Data affects prices indirectly. The market is a lot like a fun house mirror. The resulting reflection is caused in part by the original data, but that does not mean the reflection is an accurate representation of the original data. To take this metaphor a step further, the Efficient Market Hypothesis is based on the idea that the original image acts on the mirror to create the reflection. It does not recognize the unpleasant truth that one can interpret the same process in a very different way. One could say it is the mirror that acts on the original image to create the reflection. In fact, that is often how we interpret the process. We say an object is reflected in a mirror. We rarely use the active “an object reflects in a mirror.”

The Efficient Market Hypothesis does not recognize the true importance of interpretation. Saying that data (publicly available information) acts on market prices omits the key step. After all, the same data is available to every blackjack player. Casinos just don’t like the way a card counter interprets that data.

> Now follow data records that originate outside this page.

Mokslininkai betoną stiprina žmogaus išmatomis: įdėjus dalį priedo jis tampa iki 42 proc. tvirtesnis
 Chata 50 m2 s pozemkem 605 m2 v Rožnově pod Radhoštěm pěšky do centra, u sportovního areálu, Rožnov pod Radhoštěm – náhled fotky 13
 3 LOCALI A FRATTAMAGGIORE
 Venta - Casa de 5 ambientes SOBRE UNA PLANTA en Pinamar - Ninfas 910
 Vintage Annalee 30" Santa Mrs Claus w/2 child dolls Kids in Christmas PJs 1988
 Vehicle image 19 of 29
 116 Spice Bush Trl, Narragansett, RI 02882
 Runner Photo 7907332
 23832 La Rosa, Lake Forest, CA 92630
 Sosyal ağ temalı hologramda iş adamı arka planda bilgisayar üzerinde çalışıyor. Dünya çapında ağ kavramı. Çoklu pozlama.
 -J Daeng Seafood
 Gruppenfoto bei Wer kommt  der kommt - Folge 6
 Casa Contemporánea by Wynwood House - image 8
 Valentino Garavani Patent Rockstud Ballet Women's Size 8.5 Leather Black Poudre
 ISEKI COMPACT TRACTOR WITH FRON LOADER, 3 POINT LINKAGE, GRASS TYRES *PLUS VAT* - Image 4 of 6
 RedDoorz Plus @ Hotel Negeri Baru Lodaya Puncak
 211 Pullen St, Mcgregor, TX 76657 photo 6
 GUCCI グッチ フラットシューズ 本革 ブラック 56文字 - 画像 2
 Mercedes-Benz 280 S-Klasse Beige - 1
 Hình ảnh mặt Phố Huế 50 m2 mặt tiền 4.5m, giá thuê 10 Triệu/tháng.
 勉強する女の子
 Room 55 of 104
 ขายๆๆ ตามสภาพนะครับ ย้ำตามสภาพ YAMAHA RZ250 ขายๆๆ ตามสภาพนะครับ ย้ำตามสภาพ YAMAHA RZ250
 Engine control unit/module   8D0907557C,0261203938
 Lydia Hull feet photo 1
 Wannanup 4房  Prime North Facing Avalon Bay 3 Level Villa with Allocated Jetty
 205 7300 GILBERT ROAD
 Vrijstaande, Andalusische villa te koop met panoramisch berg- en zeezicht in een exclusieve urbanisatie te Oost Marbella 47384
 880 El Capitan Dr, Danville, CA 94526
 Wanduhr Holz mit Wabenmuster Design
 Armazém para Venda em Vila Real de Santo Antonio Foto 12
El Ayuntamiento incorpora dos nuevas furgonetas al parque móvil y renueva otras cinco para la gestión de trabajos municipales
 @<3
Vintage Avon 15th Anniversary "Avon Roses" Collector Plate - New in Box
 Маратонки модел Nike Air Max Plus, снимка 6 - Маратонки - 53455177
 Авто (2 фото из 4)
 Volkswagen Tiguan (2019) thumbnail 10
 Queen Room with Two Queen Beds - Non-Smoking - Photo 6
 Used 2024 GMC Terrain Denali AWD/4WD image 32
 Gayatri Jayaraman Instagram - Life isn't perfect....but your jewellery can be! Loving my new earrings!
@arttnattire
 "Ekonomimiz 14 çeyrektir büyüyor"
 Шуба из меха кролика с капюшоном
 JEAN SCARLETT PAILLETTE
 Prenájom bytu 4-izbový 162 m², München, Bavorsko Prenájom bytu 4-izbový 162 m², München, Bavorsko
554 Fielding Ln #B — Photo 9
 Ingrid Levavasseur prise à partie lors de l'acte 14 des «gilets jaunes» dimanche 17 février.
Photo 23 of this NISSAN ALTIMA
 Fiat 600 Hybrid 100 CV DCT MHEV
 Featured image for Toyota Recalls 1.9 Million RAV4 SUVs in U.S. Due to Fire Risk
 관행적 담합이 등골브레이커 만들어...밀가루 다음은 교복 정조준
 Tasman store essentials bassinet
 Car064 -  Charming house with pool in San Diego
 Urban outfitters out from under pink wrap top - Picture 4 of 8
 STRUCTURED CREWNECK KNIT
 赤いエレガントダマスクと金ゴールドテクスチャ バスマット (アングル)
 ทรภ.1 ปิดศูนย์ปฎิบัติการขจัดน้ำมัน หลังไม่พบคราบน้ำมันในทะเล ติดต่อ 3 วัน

What's going on inside that black box is critical. The stimulus causes the response in a very complex way. It adds another input that gets jumbled around with a handful of other important factors and a mountain of immaterial ones and then it comes out the other side as "buy," "sell," "hold," "wet yourself," etc.

Interest rates help form a certain interpretation. In that sense, they cause price changes. But, just because we can measure them and we can't measure a lot of other equally important things, we tend to overstate the importance of interest rates.

Once again, my favorite quote from Ben Graham:

The influence of what we call analytical factors over the market price is both partial and indirect – partial, because it frequently competes with purely speculative factors which influence the price in the opposite direction; and indirect, because it acts through the intermediary of people’s sentiments and decisions. In other words, the market is not a weighing machine, on which the value of each issue is recorded by an exact and impersonal mechanism, in accordance with its specific qualities. Rather should we say that the market is a voting machine, whereon countless individuals register choices which are the product partly of reason and partly of emotion.

Like all other data interest rates act through the intermediary of people's sentiments and decisions. You can't forget you're dealing with a lot of complex, thinking human beings. They don't react predictably to a single stimulus when there's a lot of cognition going on. Having said that, in certain similar situations, a specific stimulus may tend to lead (more often than not) to a certain response.

Regardless, when buying the entire market, simply looking for low normalized P/E ratios is a much more effective strategy than anything I can come up with involving interest rates. I expected this to be true in the long-term; the fact that it also works pretty well in the short-term surprised me.